I spoke to Brosius recently about his past work, the precarious future of the field, and why work for young people is the key to both. This conversation has been (very) condensed for brevity and clarity.
ROB WEINERT-KENDT: Apart from your European inspirations, were there organizational models you looked to among U.S. resident theatres as CTC grew?
PETER BROSIUS: My model for a regional theatre was the Taper. That was the one I’d spent time inside of, hanging out with Gordon Davidson, going to new-play readings, developing work for the mainstage. There were things about it that worked, and there were things about it that I vowed never to do. So it was a teaching model in a multitude of ways.
What are some things you vowed to do differently?
I decided that if I was going to commission work, I was going to commission artists for a specific project, give them everything they need and keep working on it until we do it—not do new work as an audition.
Right, a lot of theatres treat commissions as auditions, as you say, but some also give them out as sort of open-ended grants, with no real expectation of production on either side.
I would never do that. When I commission work, and I’ve done a lot of plays here—70, 80, whatever—the goal is to commission someone you love. You don’t hand it out like candy. You say, “Let’s talk. I want you to write something that I’m committed to produce.” And that can take months until you find something they’re committed to and that you want to be committed to, so that you’re all in and they’re all in. We produce about 90 percent of the things we commission. Sometimes it takes longer than the playwright or I would like. But our goal is that when we finish, it’s a play that will be done across the country because it’s beautiful, it’s good, it’s impactful, the structure works.
I’ve heard folks say that TYA is all about the titles—i.e., adapting existing popular books and other IP. That conversation seems related to the practice of nonprofit theatres taking enhancement money in hopes of moving shows to Broadway. So on both the play development and the producing sides, I imagine you’ve spent a good amount of time dealing with commercial entities. How do you navigate that and stay on mission, to make sure your theatre doesn’t become a tryout house or a children’s book brand extension?
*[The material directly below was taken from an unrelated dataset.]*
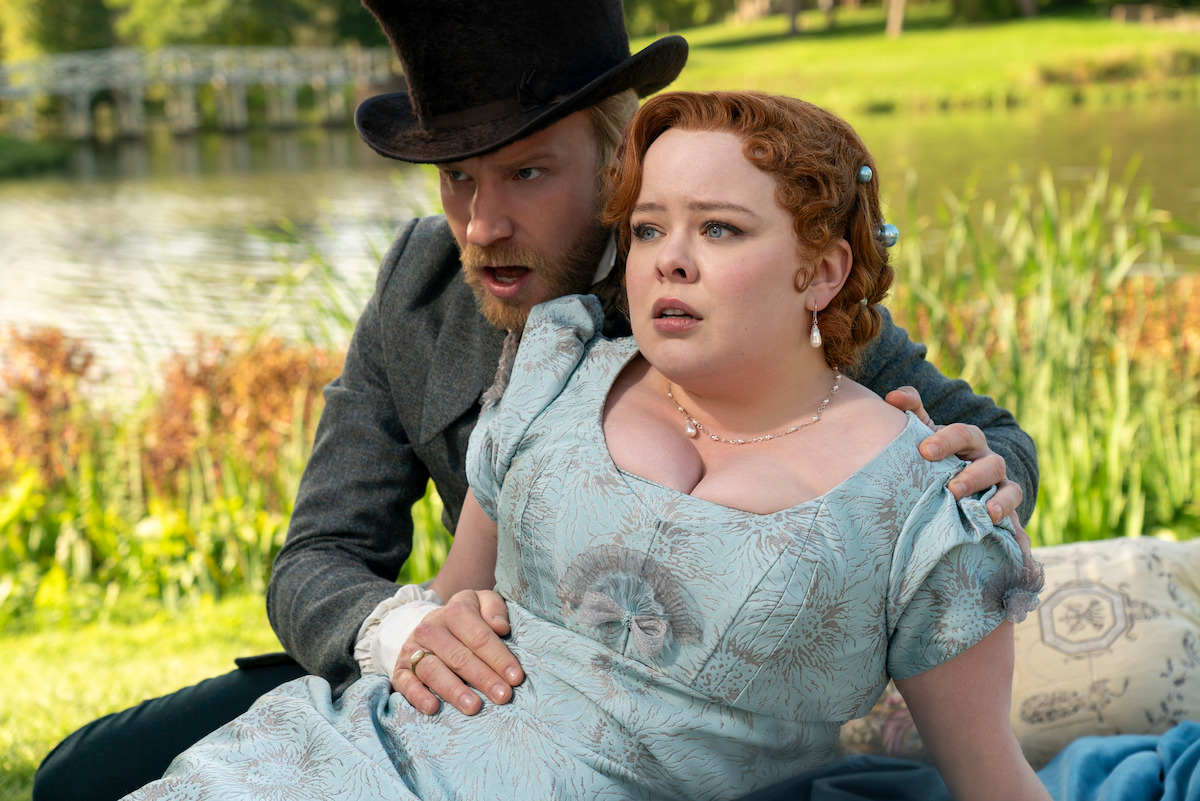 Sam Phillips as Lord Debling and Nicola Coughlan as Penelope Featherington sit on a grassy field with surprised expressions in Season 3 of ‘Bridgerton.’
It’s actually pretty easy. Once you enter into that space, the commercial space, you’re sometimes offered things. When we won the Tony, everyone had a project for us. I’ve been offered projects that came with half a million dollars. But if I didn’t believe in the project, we didn’t do it. We’ve never, ever seen ourselves as a tryout house. We see ourselves as a place to do work that we’re passionate about, that we believe in. Because even if someone gives you half a million dollars, you’re still going to spend a lot more of your own money too. And if you don’t deeply believe in the work, if you don’t care about it and feel like it has something to say for your audience, you end up doing the same amount of work, and it’s just soul-sucking. So we’ve engaged in numerous conversations with a variety of extraordinary producers about work we thought might have a commercial life, and some of those didn’t work out, for very complicated and very unique reasons. And we’re involved in several of them right now, with folks like Bob Boyett, a complete gentleman and an honest man who cares about the work.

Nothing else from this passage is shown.